Wednesday, April 20, 2011

why you don't argue with a 3 year old

This morning Parker and I had a discussion about what clothes matched.

"Mommy, we can't wear brown pants. It no match."

"Parker, you need to trust me."

"But it no match Mommy."

"Do you understand that I am smarter than you and I know things that you don't know?"

"You no 'marter. And I am cute and no 'marter."

She wore the brown pants. She and I both walked away thinking we had won.

Sunday, April 17, 2011

Ugly Faces and Nerds

I had a friend at college, I will call her Roma because I don't know anyone by that name (is that even a human name?). She and I got along early on our freshman year...and then I began to notice a disturbing trend. When our group of friends would go to the cafeteria to eat, I wouldn't get a call to join them. Roma would then plan outings and "forget" to invite me. I was starting to get nudged out. This happened slowly and I think it is dumb to fight when it comes to this sort of thing so I kept my mouth shut and started developing other friendships.

But every once in awhile Roma and I would find ourselves hanging out with everyone. One night we were all together and laughing hard about who knows what (it was probably juvenile because as I mentioned we were freshmen). Roma and I were both laughing and she looks at me, points and says, "Suzanne, your face is so ugly when you laugh."

Try as I might I can not get that out of my head every time I laugh.

Another time I remember her saying in front of everyone, "You sure go on a lot of dates, but the guys you date are so nerdy." I am currently laughing (and probably looking hideous) because thinking back, both those things are potentially true.

There is something else I remember vividly. I had/have a friend named Suzy (real name) who was part of that freshman troupe. We never spoke about Roma, but I think she noticed on some level what was going on. She started to call and make sure I was invited when they were going to eat or go on some excursion. My other friends didn't do that, not because they didn't like me...but because they didn't see it. But Suzy noticed and she did something about it.

I want to be like that. I want to pay attention like that.
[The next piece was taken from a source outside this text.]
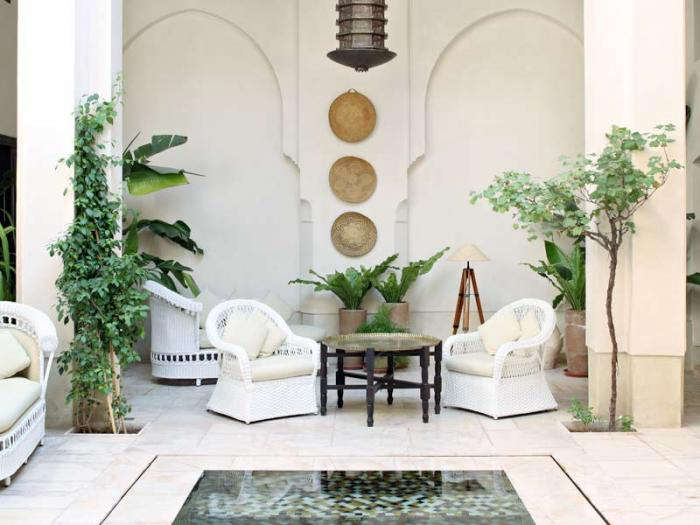 700 riad dix neuf patio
By the way, Roma and I are cool. We got along fine as we got older and settled in to our college thing. In fact, since I think about her almost every time I laugh she might be the person I think about the most from college. The exception being my husband of course. And for the record, I may have dated a lot of nerds early on...but I ended up with the coolest one who loves me and my ugly laughing face.

I want more

This week Jaden and I were having conversation in the car about why I didn't always allow him to get more ipad apps, even when they are free. I explained how everything around us tells us that we need more things, more stuff, and only through that will we find happiness.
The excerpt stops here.